So you have a camera, and you would love to earn enough to buy a few more lenses. So you make a few business cards and start announcing you’re open for business. People start telling you the easiest way to make money is to shoot a wedding. Why not? Sounds like fun.

Think again.

Wedding photography is one of the most difficult niches in the photography industry.

  • You must deal with dozens of different personalities, all in a highly stressful situation.
  • Taking a perfect picture of a bride and groom – one in the whitest white, one in the blackest black – can be exceedingly difficult. Especially because you’re very likely going to have to capture the two of them outside in the sunshine, and inside in almost pure dark conditions.
  • You cannot control the situations – you have to go with the flow. You have a few short hours to capture hundreds of amazing images.
  • You may be expected to be in 2 (or 3, or 4…) places at one time. How are you going to control the situation so you’re not stressed?
  • Guests travel from all over the world for this one day event. There are no do-overs.

Which is why as a professional wedding photographer who photographed hundreds of very high-end weddings over the years, I cringe when people say to get their start in weddings.

If you have the desire to start a wedding photography business, here are my suggestions.

  • Spend a year photographing, well everything. Take on a bunch of family portraits. Shoot inside your studio, and outside at the beach (park, downtown area, etc).
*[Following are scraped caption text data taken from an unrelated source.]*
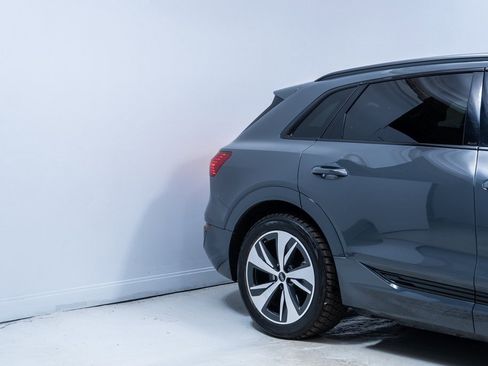 Used 2024 Audi Q8 e-tron Premium image 11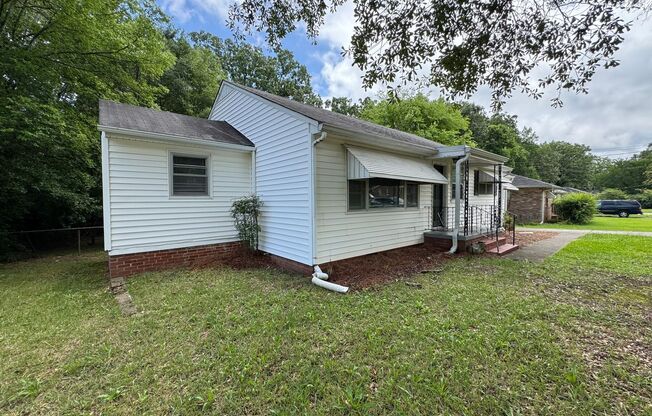 3/1 House in West Rome with bonus room- $1,250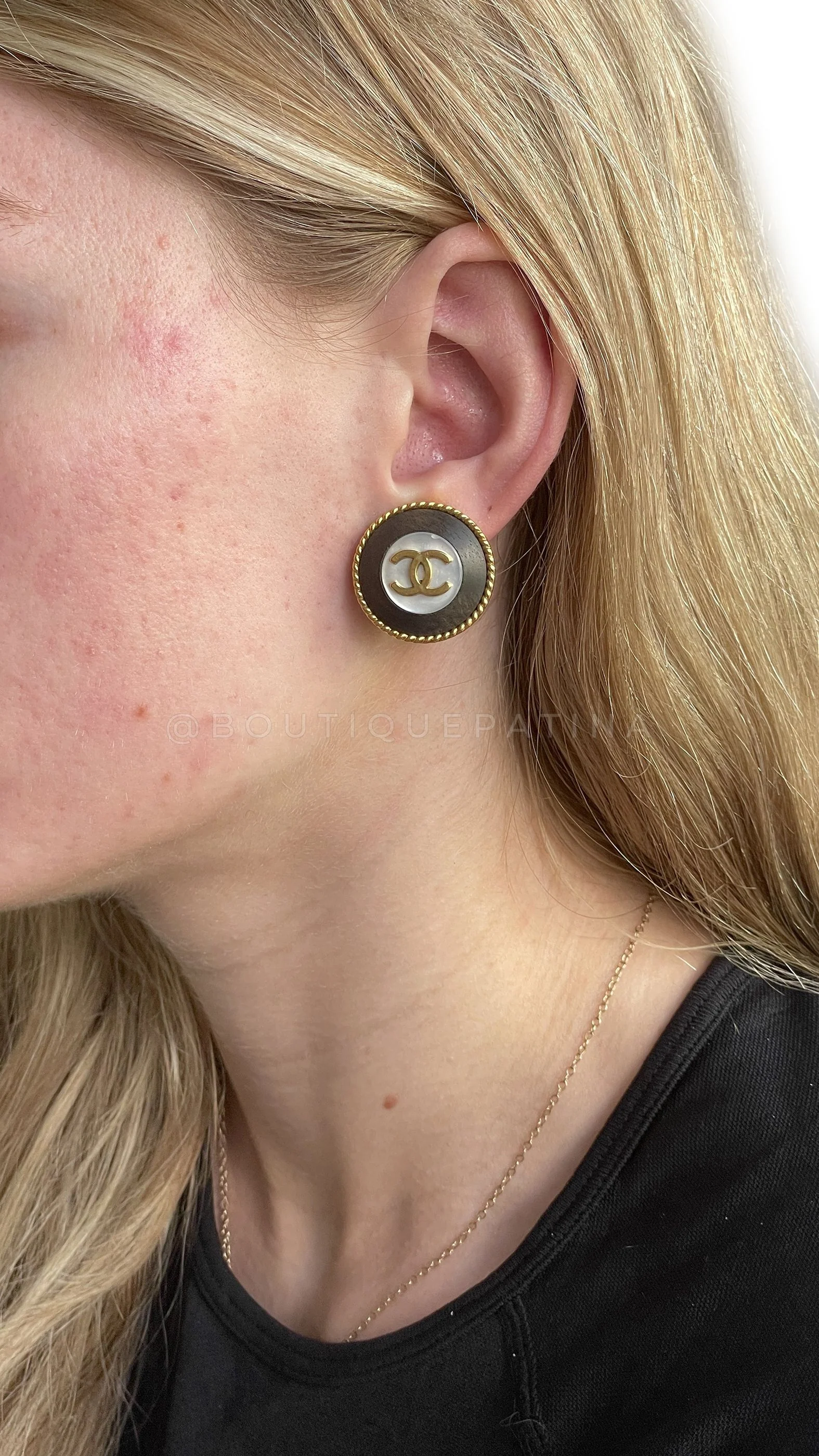 Chanel Vintage 96P Mother of Pearl Wooden CC Logo Stud Earrings Wood - Image 4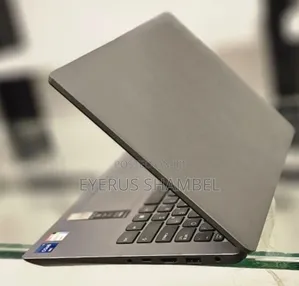 New Laptop Lenovo Ideapad 3 16GB Intel Core I7 SSD 512GB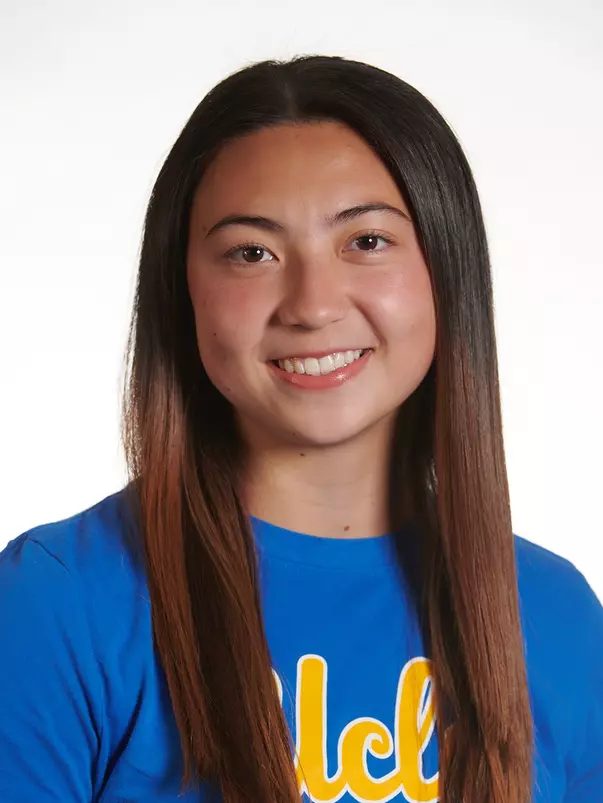 Alexandra Dessart, headshot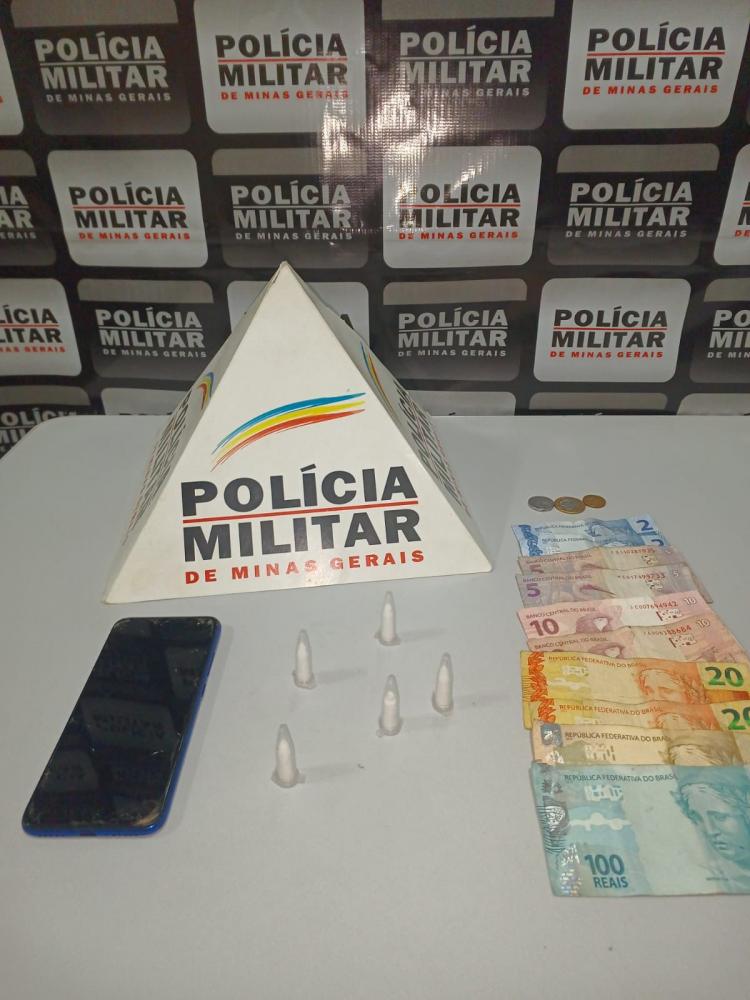 Jovem é preso em Santa Bárbara por tráfico ilícito de drogas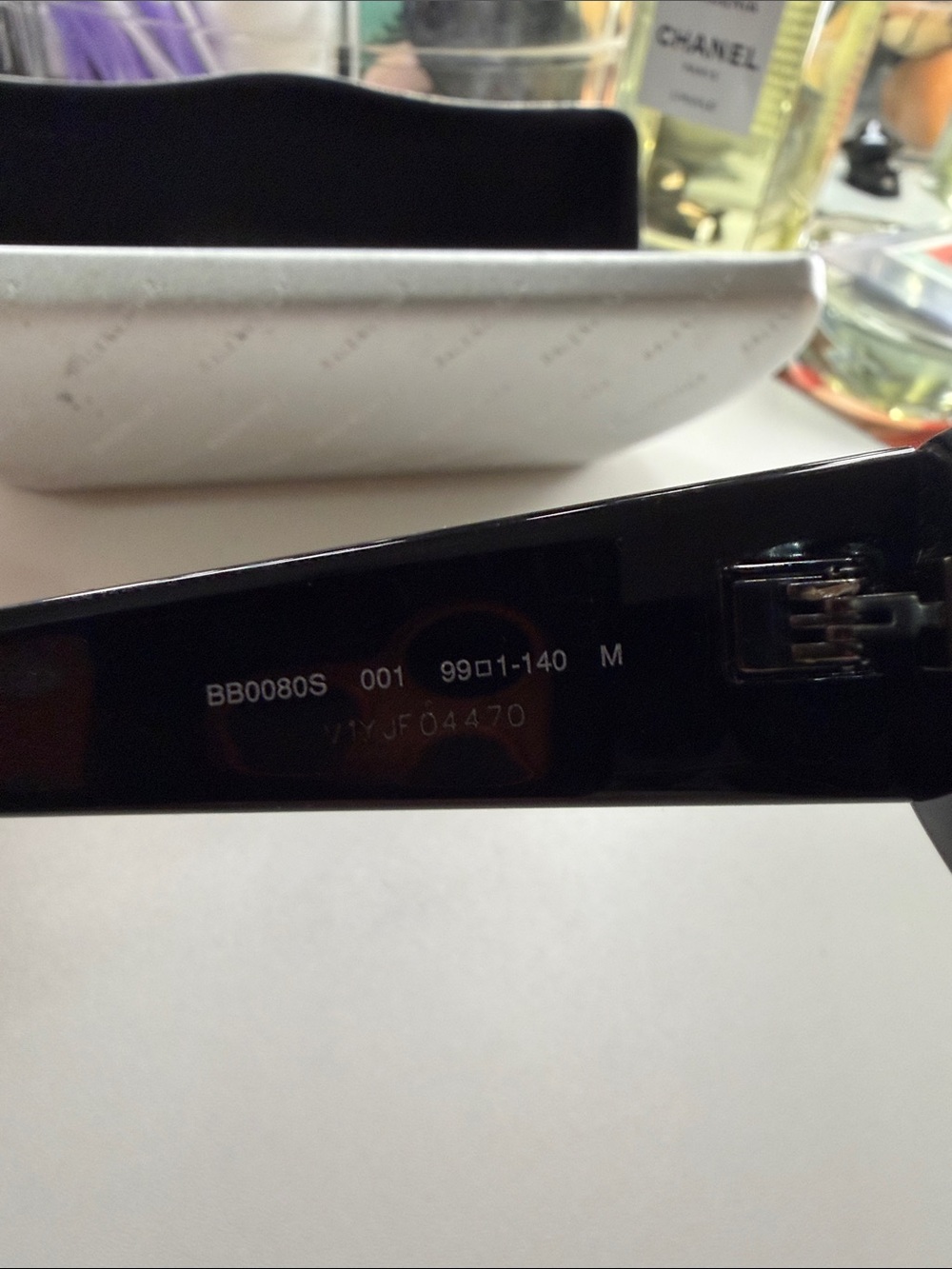 Balenciaga Black Rectangular Sunglasses with BB Logo - Picture 5 of 11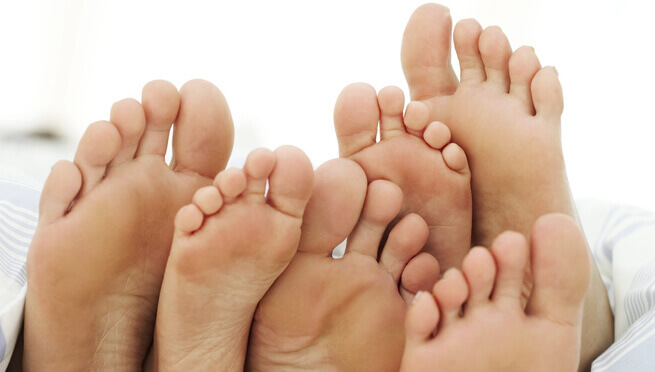 Kontakt med andra fötter kan sprida infektioner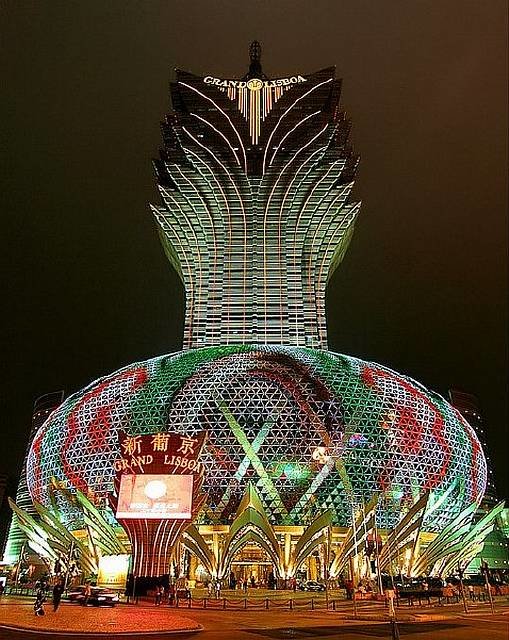 отель-казино grand lisboa. макао, китай. фото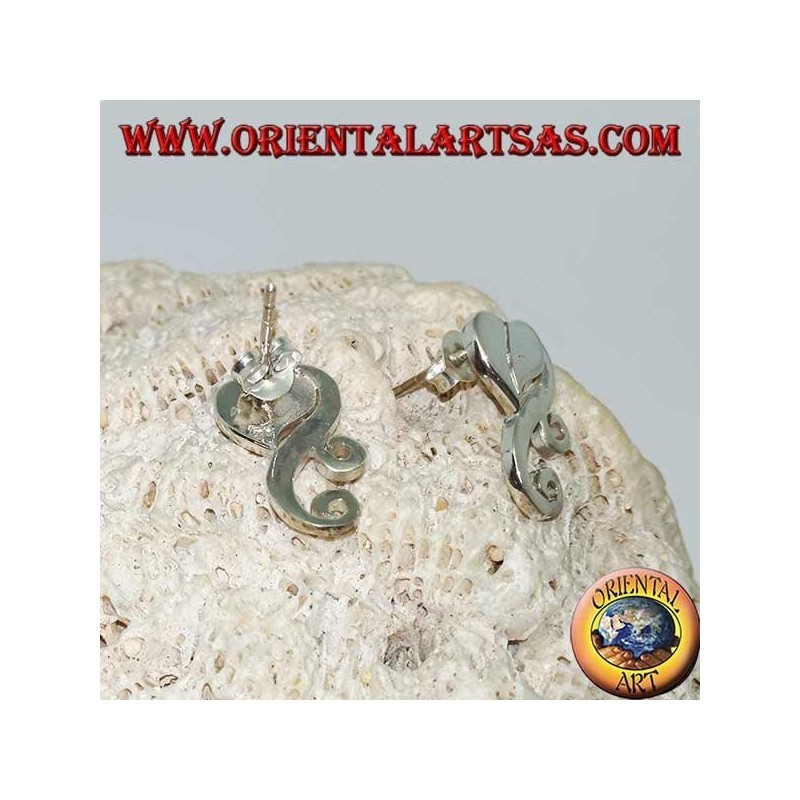 Orecchini in argento cuore con nuvola in stile hippy da lobo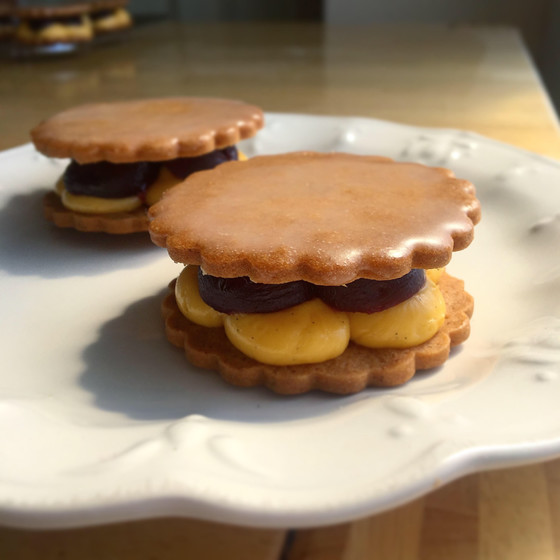 オリジナルフランス菓子　さくらんぼのサブレサンド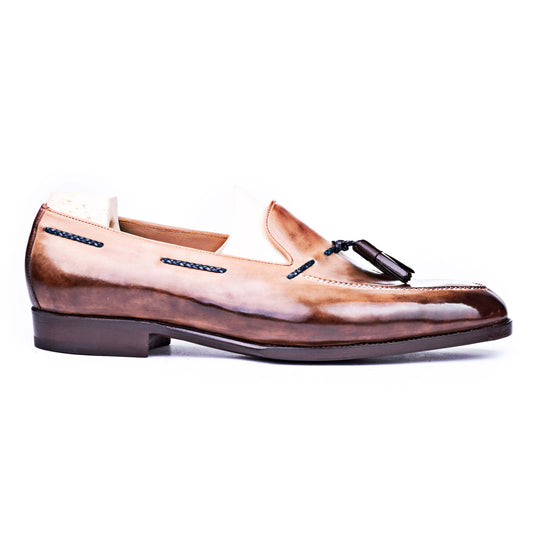 Loafer with hand stitched apron, tassels and braided band, patinized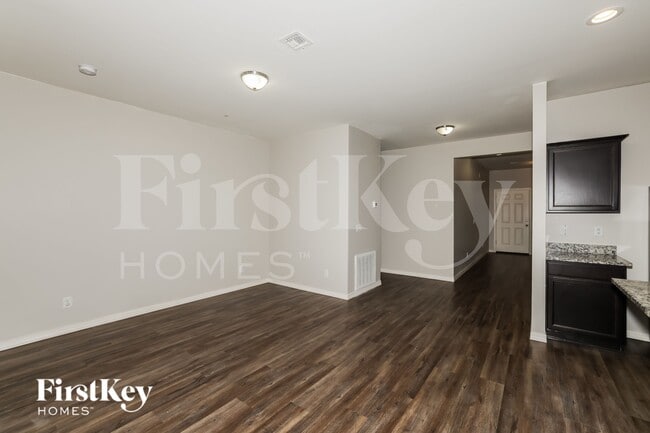 Foto del edificio - 20016 W Woodlands Ave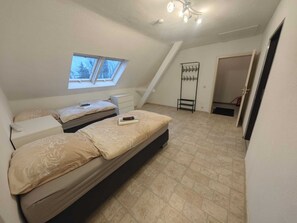 Bügeleisen/Bügelbrett, WLAN, Bettwäsche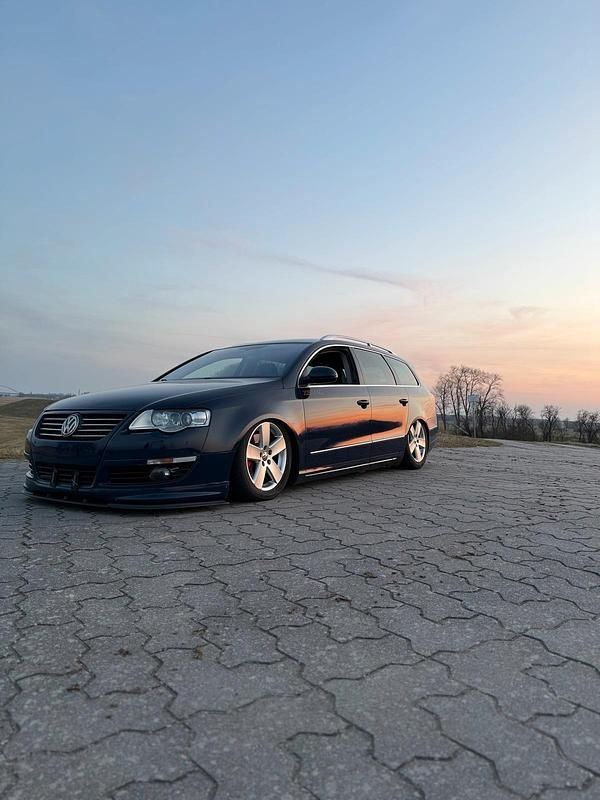 Gebraucht VW Passat 170 PS (125 kW) 2006 Blau Kombi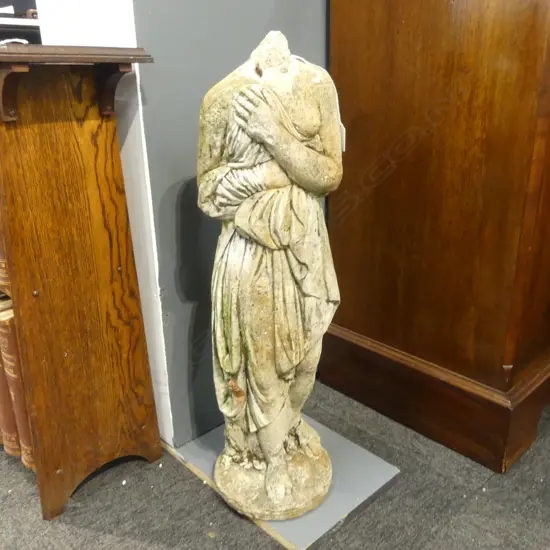 HEADLESS CONCRETE GARDEN STATUE H.670mm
Get used to shooting in many different types of circumstances.
  • Find out who your top wedding photographers are in your area. Call them up and offer to take them to lunch. Then offer your services – free of charge – for an upcoming wedding. Be willing to do everything from carry the bags, to setting up lighting equipment. Watch carefully and learn
  • Repeat the above step as many times as you can.
  • Start small. Don’t offer to do a huge 10 hour event for 250 people. Instead, create a package perfect for a very small wedding. If you can do several 2-3 hour events that take place in a church, a restaurant, or possibly a private residence, you’ll learn a ton and not have the stress of moving from place to place.
  • Sit down after every wedding and critically look at your photographs and at the way the day unfolded. What could you do to make the photographs better? What made the day stressful to you, or to your clients? What can you do to improve?

I love weddings. It’s not just about showing up and snapping a few images. It’s about taking full control and turning your clients day into their best day ever.